» WHAT IS EXPECTED: Your output should be the lines below from the one holding "How's it going" through the one holding "The next thing", transcribed exactly, with no pictures.
+++ DATA FOR THE TASK +++
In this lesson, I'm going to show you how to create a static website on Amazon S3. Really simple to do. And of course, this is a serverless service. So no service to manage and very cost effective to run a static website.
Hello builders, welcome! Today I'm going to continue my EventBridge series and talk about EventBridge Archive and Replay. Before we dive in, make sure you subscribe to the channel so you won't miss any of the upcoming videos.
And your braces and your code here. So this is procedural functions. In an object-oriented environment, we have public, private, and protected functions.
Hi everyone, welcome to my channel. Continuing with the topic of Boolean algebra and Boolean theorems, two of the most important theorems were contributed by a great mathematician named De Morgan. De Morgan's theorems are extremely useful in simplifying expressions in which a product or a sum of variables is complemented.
+++
+++ DATA FOR THE TASK +++
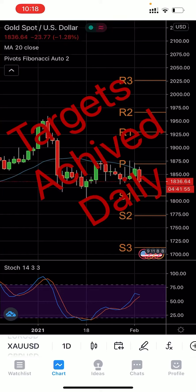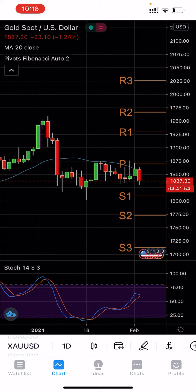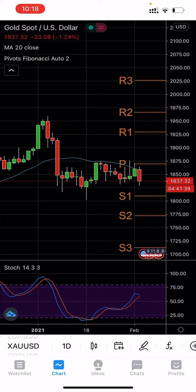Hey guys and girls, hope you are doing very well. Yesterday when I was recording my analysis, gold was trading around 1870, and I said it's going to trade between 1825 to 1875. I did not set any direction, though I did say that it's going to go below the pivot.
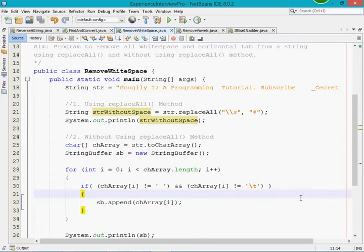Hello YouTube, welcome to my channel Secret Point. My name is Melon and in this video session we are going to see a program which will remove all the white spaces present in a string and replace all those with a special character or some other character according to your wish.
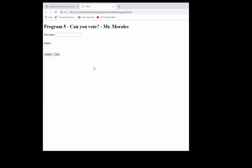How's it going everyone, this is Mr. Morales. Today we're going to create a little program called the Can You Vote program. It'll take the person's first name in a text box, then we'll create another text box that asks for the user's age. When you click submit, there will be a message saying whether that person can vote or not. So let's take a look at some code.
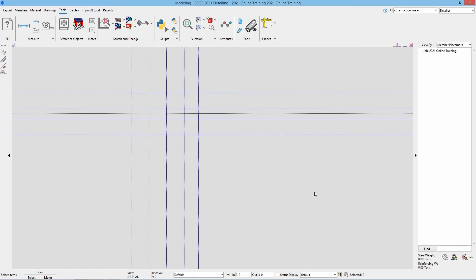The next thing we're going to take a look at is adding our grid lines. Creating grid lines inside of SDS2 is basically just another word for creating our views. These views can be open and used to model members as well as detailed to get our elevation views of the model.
+++
» THE COMPLETED TASK:
How's it going everyone, this is Mr. Morales. Today we're going to create a little program called the Can You Vote program. It'll take the person's first name in a text box, then we'll create another text box that asks for the user's age. When you click submit, there will be a message saying whether that person can vote or not. So let's take a look at some code.
The next thing we're going to take a look at is adding our grid lines. Creating grid lines inside of SDS2 is basically just another word for creating our views. These views can be open and used to model members as well as detailed to get our elevation views of the model.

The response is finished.